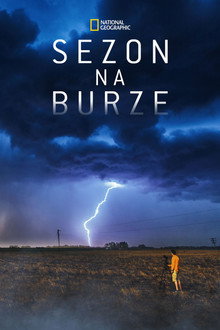 Sezon na burze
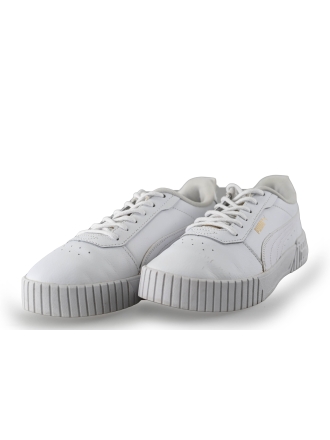 Puma Sneakers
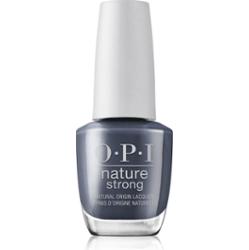 OPI Nature Strong Natural Origin Lacquer lakier do paznokci Force of Nailture 15 ml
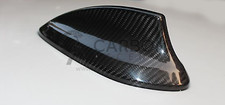 BMW Carbon Fibre Fiber Antenna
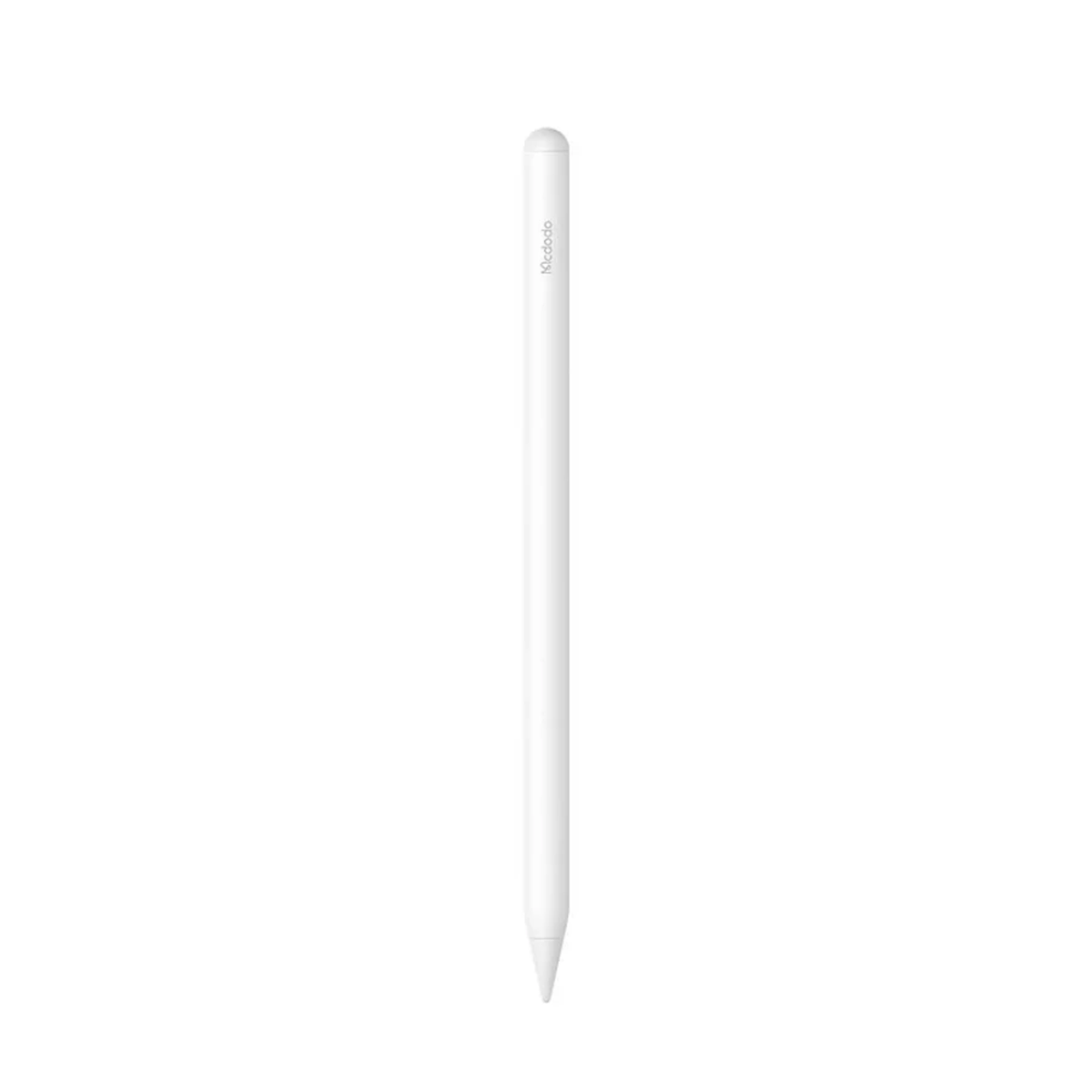 Mcdodo Stylus Pen For Apple And Android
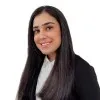 Jasmin Dhanoa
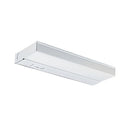 24" LED Strip 120V with 14W Connection, and 2CCT Option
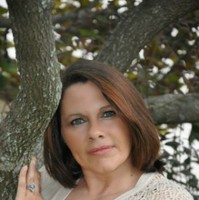 Lynn (Shelly) Lowery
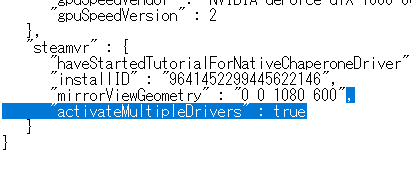 f:id:bibinbaleo:20180910105021p:plain f:id:bibinbaleo:20180910105021p:plain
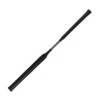 Woof Wear Slim Jump Bat - Black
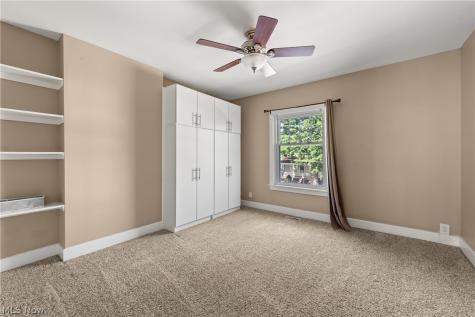 1473 Wyandotte Avenue Lakewood OH 44107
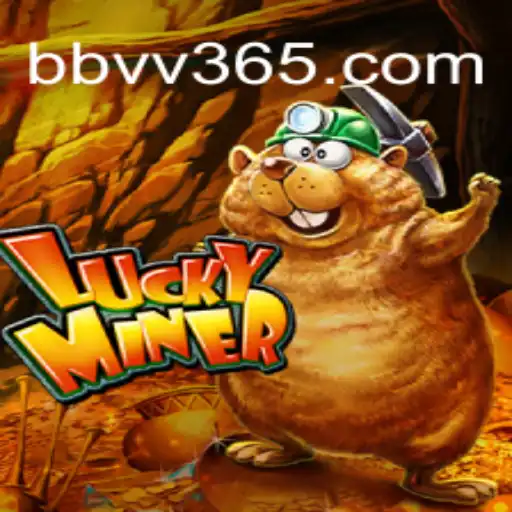 Exploring the Exciting World of LuckyMiner: A Detailed Guide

******************************

About this task: Give back each of the records above word for word, apart from the pictures.

Finished task:
 Sezon na burze
 Puma Sneakers
 OPI Nature Strong Natural Origin Lacquer lakier do paznokci Force of Nailture 15 ml
 BMW Carbon Fibre Fiber Antenna
 Mcdodo Stylus Pen For Apple And Android
 Jasmin Dhanoa
 24" LED Strip 120V with 14W Connection, and 2CCT Option
 Lynn (Shelly) Lowery
 f:id:bibinbaleo:20180910105021p:plain f:id:bibinbaleo:20180910105021p:plain
 Woof Wear Slim Jump Bat - Black
 1473 Wyandotte Avenue Lakewood OH 44107
 Exploring the Exciting World of LuckyMiner: A Detailed Guide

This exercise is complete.